How can anyone live away from the water? I ask myself this. When I fly across America, when I rode the Trans-Siberian Railroad across Mother Russia, when I lived in the middle of Germany for twelve years--all these people living without the sea--or most without even a pond--where does the sustenance for their souls come from if not water?





So, here is the Eastern Shore of Virginia, that great undiscovered peninsula that is a essentially a huge farm--Iowa, say--surrounded by water. On one side, the western side, there is the great Chesapeake Bay, on the eastern side there is the inevitable Atlantic. In the middle is an utterly flat, rich land where thousands and thousands and thousands of acres of crops are tilled by Mexican workers (legal? who knows). They plant, grow, and harvest, by my observations so far, corn, tomatoes, soy beans, wheat, and cucumbers. There are smaller operations that produce green beans, melons, squash, and zucchini. And then you see the huge chicken corporations, Tyson and Purdue, their chicken farms eerily resembling small concentration camps, their processing plants attracting immense flocks of seagulls and reeking of raw meat and blood when the wind blows right.

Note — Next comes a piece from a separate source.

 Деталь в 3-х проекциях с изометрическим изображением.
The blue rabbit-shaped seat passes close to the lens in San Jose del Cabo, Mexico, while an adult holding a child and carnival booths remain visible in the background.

But, again, there is the water. It saves it all from being just another prairie. In my other blogs on this site you've seen photos of the Bay side of the Eastern Shore. Here are some of the sea side. Here, just six miles from the Chesapeake, is a great ocean and the barrier islands that protect the farmlands. Hundred of miles of empty, windswept beach await the beachcomber and within those barrier islands are millions of acres of marshlands, flat, shallow water filled with crabs and oysters, and hundreds of species of fish.

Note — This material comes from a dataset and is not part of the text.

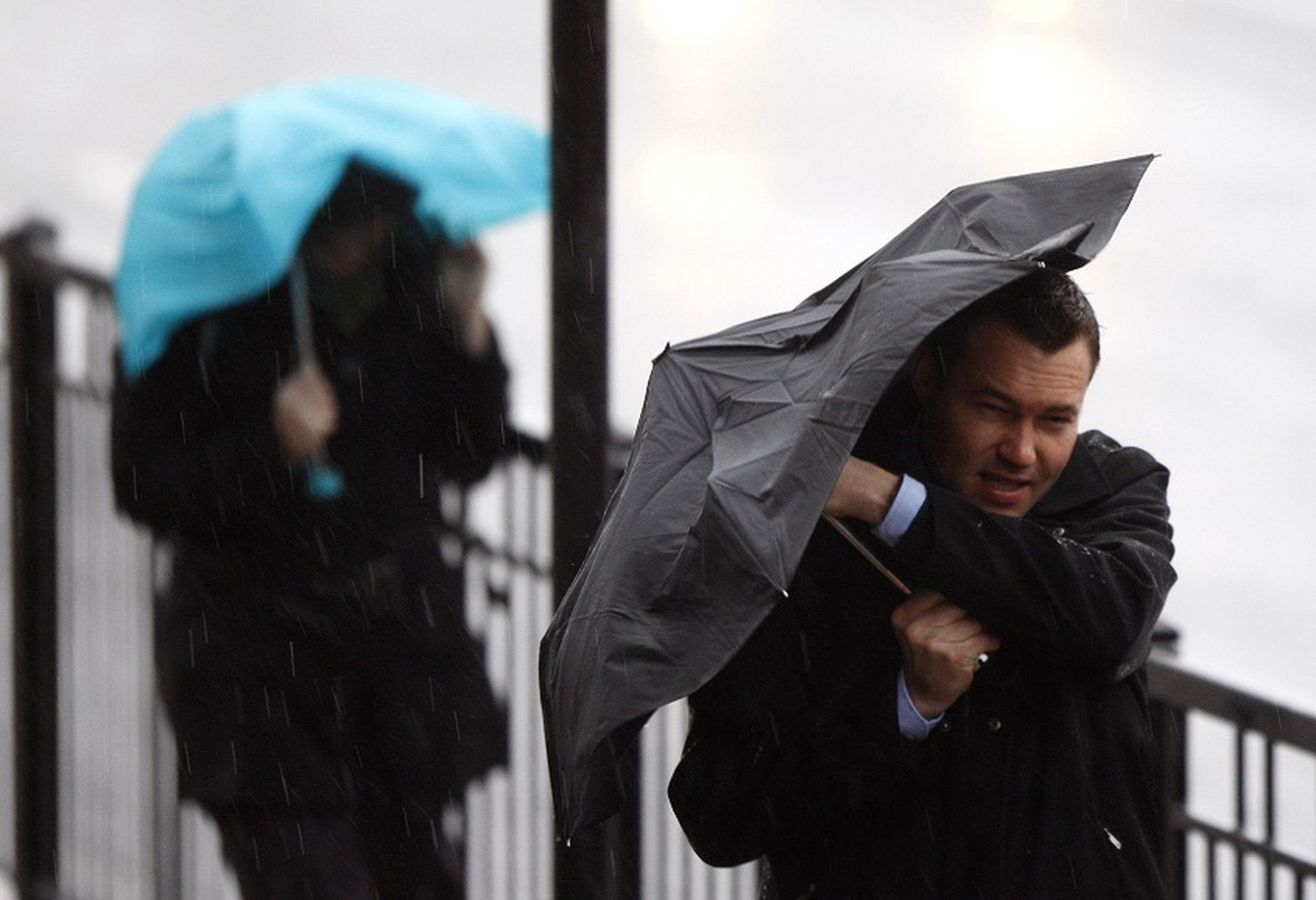 Persona tapándose con un paraguas ante la tormenta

Yesterday I took a break from writing and accepted an invitation to go out on the water. Here are a few pics.

Wednesday, July 4, 2007

A Sailor's Fourth of July: Our All American Little Town on the Chesapeake


This is it, the America I've been missing. I've been out of the country pretty much steadily for the past twenty-five years and now I'm home for this: the perfect all-American experience on the perfect, all-American holiday.

The spirit of Onancock and the physical reality of Onancock are one and the same. They linger in a mythic and pleasant past when there was an ice cream party on the town common and a band played patriotic music on the gazebo after the mayor--who is also the town barber--gave a speech. Citizens gathered around on the grass, old people in chairs or on benches, young people holding hands, kids running about. And not only the town common, but all the main roads are lined with small American flags.

So, this morning I'm up at first light and was working on the re-write of the Book III, A Drop of Wizard's Blood, while Terry slept in. This is our routine--I love the early morning air and light. But the witchy mornings never last long enough. Too soon the dayspring, with its magical cool air, deep shadows, and waking birds, gives way to the bleaching reality of full daylight. As the sun rises, the elves and faeries, sylphs and zephyrs who are my muses, take their leave and I'm faced with chores that can no longer be denied. But, today is a rest day, a day of celebration, and I'm looking forward to what this town will offer.